AVAILABLE DATA
=====
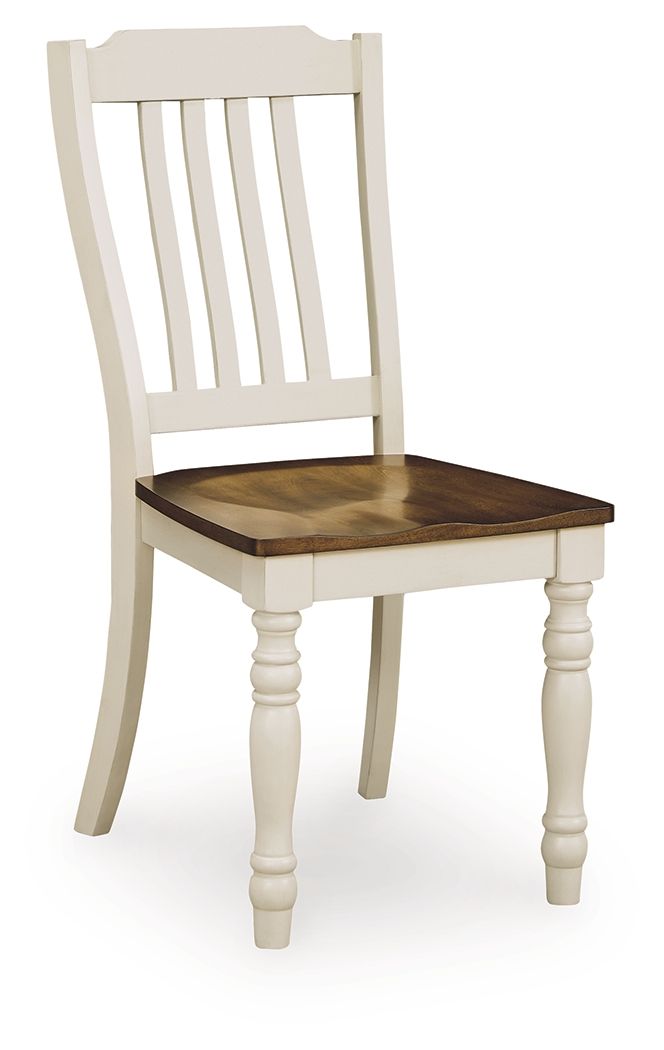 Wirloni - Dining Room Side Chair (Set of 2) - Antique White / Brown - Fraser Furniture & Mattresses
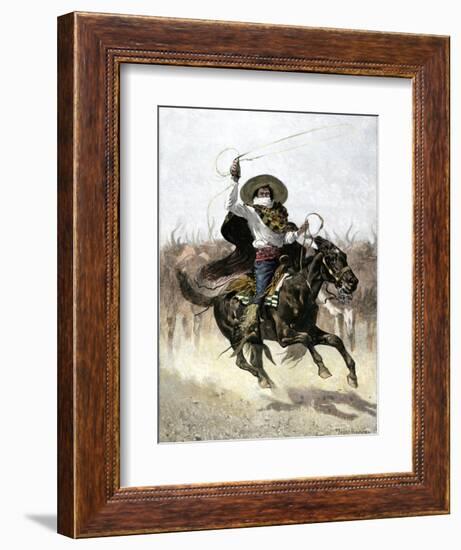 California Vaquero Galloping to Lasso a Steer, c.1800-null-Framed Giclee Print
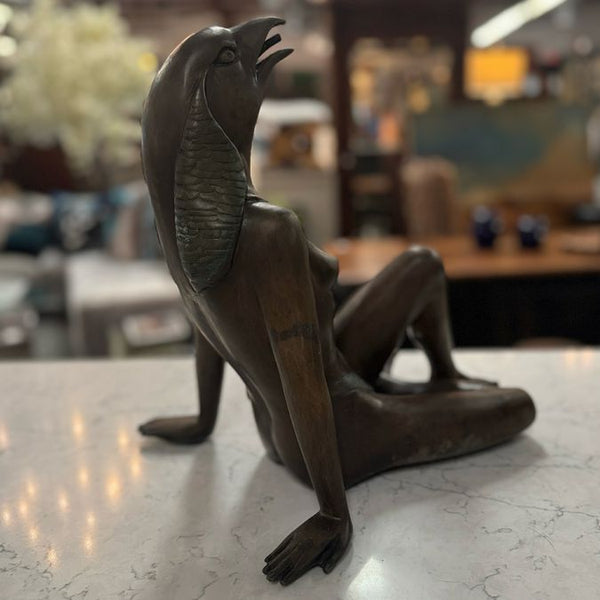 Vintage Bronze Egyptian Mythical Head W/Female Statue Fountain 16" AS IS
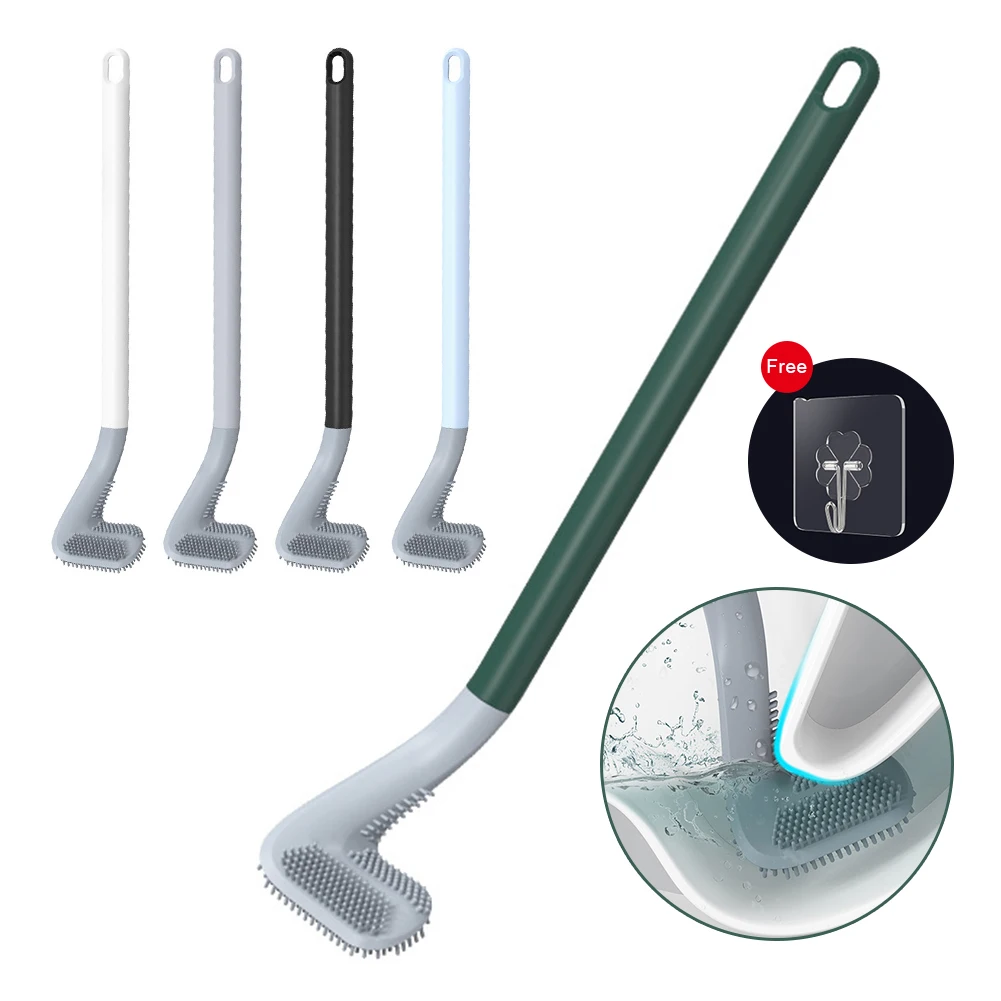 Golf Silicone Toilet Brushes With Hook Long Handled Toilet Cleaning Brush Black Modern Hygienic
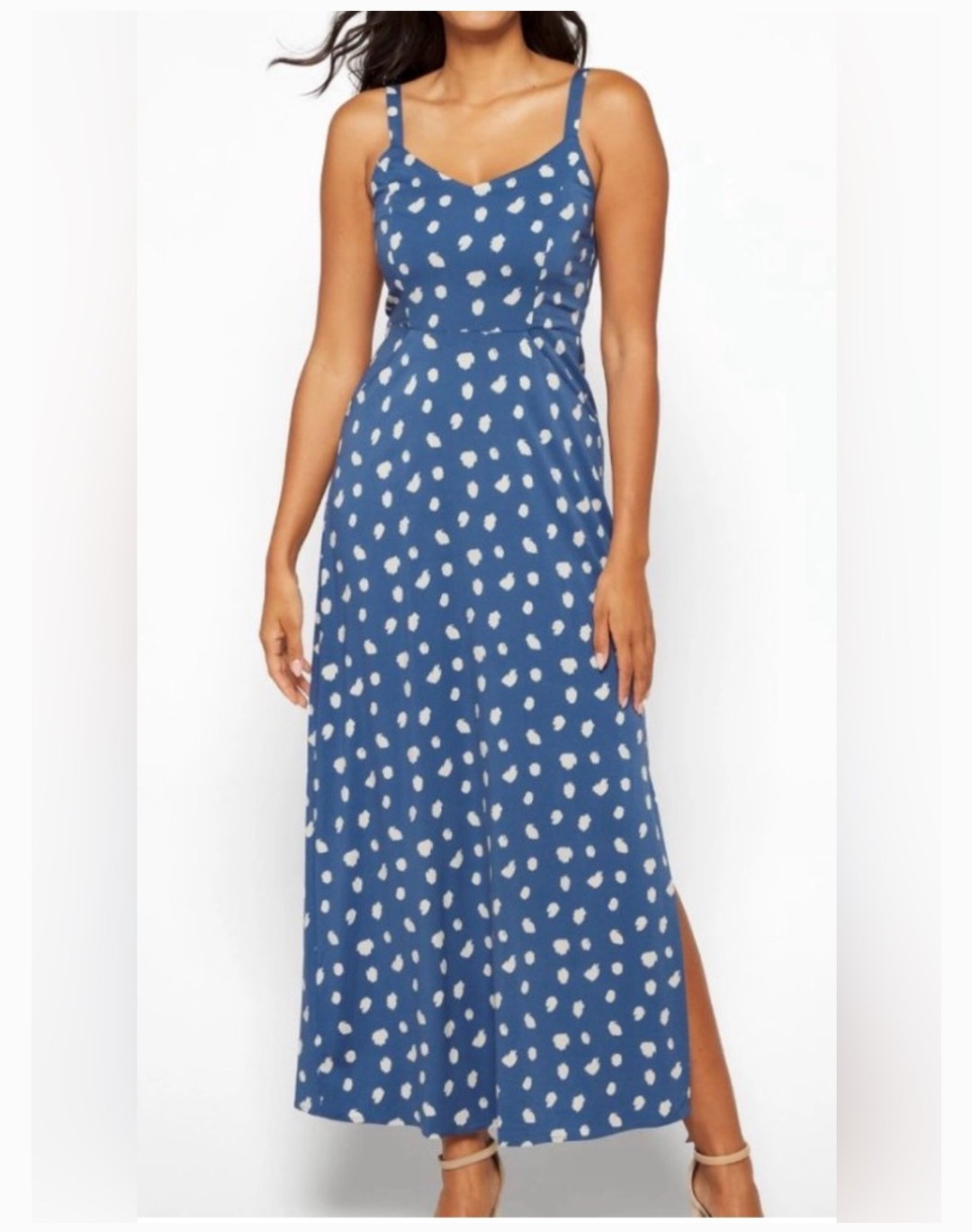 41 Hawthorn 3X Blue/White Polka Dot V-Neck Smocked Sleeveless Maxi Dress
=====
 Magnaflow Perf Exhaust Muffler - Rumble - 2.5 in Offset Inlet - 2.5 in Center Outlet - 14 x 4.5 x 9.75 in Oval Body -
=====
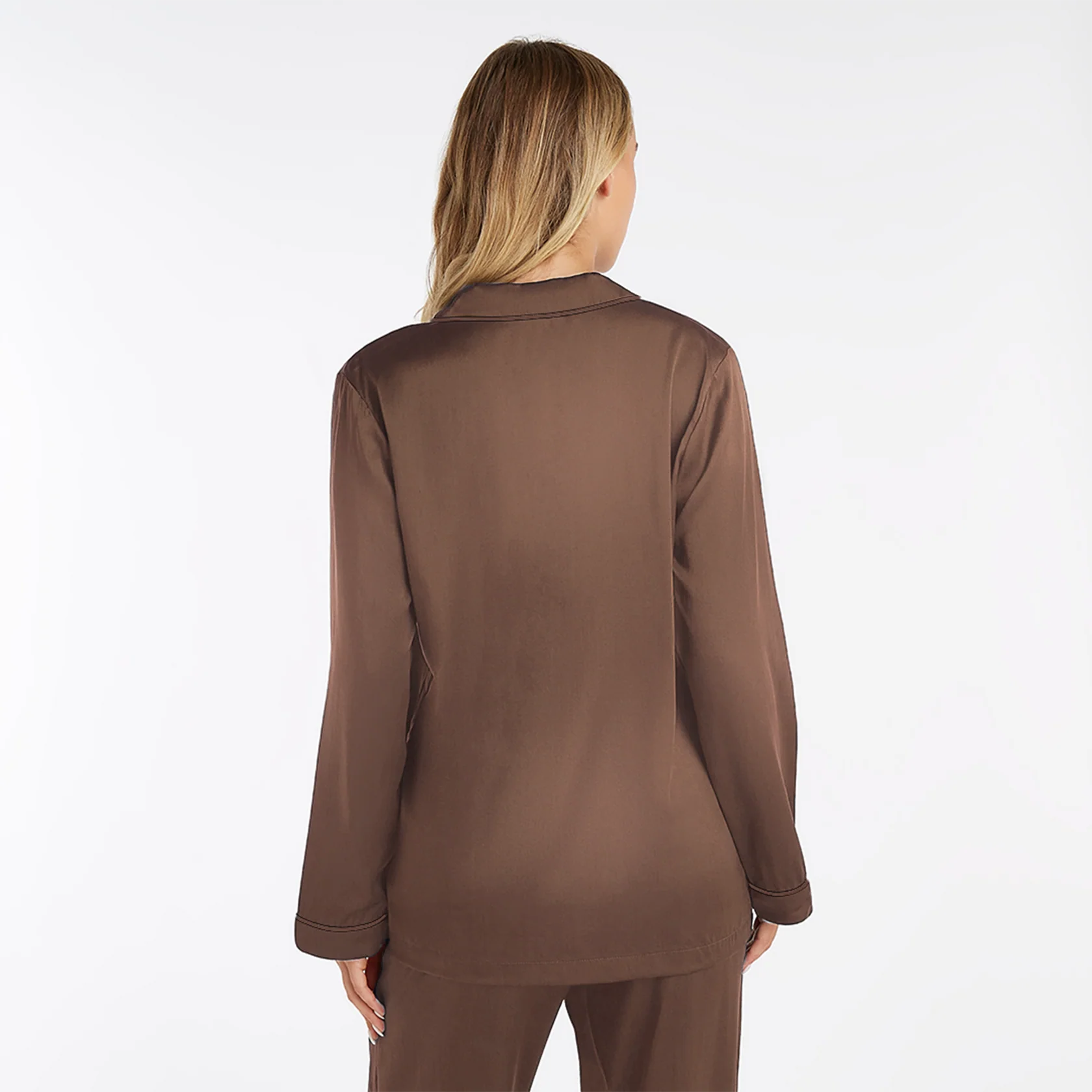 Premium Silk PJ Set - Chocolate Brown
=====
PROBLEM REQUIREMENTS
Taking the records above, print only and exactly the lines from the line with "Vintage Bronze Egyptian" to the line with "41 Hawthorn 3X", both kept, and exclude pictures.

EXPECTED ANSWER
 Vintage Bronze Egyptian Mythical Head W/Female Statue Fountain 16" AS IS
 Golf Silicone Toilet Brushes With Hook Long Handled Toilet Cleaning Brush Black Modern Hygienic
 41 Hawthorn 3X Blue/White Polka Dot V-Neck Smocked Sleeveless Maxi Dress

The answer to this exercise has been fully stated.